One night as she is making her way home, she runs into Furukura and he explains to her how he is now homeless, harassed by “society” to get married and produce offspring and most repugnant: to get a job. Furukura offers to let him move in with her and after some consideration, he accepts. In not too long a time, he has decided that she can have the privilege of supporting him while he hides out in her apartment. He also determines that she will need a better job with which to support him.

 

After 18 years at the Happy Mart, Furukura submits her resignation and she becomes untethered. Although she is spending some of her days filling out applications and sending out resumes, she doesn’t know what time to wake up.

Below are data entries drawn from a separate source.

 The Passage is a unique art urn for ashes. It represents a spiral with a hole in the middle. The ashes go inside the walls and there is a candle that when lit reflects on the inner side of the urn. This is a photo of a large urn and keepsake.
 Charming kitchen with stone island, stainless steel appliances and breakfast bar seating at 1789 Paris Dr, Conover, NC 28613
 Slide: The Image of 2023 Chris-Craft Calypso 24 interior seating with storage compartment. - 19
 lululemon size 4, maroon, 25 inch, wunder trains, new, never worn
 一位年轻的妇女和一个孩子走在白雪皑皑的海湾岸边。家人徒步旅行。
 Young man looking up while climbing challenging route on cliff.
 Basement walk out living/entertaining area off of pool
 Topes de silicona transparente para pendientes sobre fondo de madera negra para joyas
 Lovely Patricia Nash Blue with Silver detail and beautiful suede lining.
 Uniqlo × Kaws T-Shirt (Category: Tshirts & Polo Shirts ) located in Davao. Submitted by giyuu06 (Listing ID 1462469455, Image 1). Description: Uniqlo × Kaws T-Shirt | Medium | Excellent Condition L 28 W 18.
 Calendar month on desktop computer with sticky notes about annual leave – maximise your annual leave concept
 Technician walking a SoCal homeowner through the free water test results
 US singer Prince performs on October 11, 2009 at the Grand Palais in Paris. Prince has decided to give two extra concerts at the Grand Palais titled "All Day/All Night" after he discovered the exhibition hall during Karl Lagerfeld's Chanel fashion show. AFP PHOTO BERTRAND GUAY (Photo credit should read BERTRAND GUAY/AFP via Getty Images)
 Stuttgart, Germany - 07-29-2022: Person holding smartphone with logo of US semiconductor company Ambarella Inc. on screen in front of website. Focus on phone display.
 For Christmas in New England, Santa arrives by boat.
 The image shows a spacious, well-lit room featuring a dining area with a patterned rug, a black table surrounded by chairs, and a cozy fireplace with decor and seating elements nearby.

She is eating poorly. She forgets what day it is. Her sense of purpose and identity has been stripped from her completely. Furukura comes to the realization that she is a Convenience Store Woman, regardless of what others expect her to become. 

 

I enjoyed this novella for a glimpse into the inner workings of the convenience store which are ubiquitous to Japan. When I lived in Tokyo, there was hardly a day that passed that I didn’t enter one whether to pay a utility bill, buy a snack or procure cold water on a sweltering day. Murata has written an indictment on the role of women in society, the narrow slots all people are shoved into and how those who are perceived as “different” instill fear and an urge to shepherd people onto the “correct” path. All in 163 pages.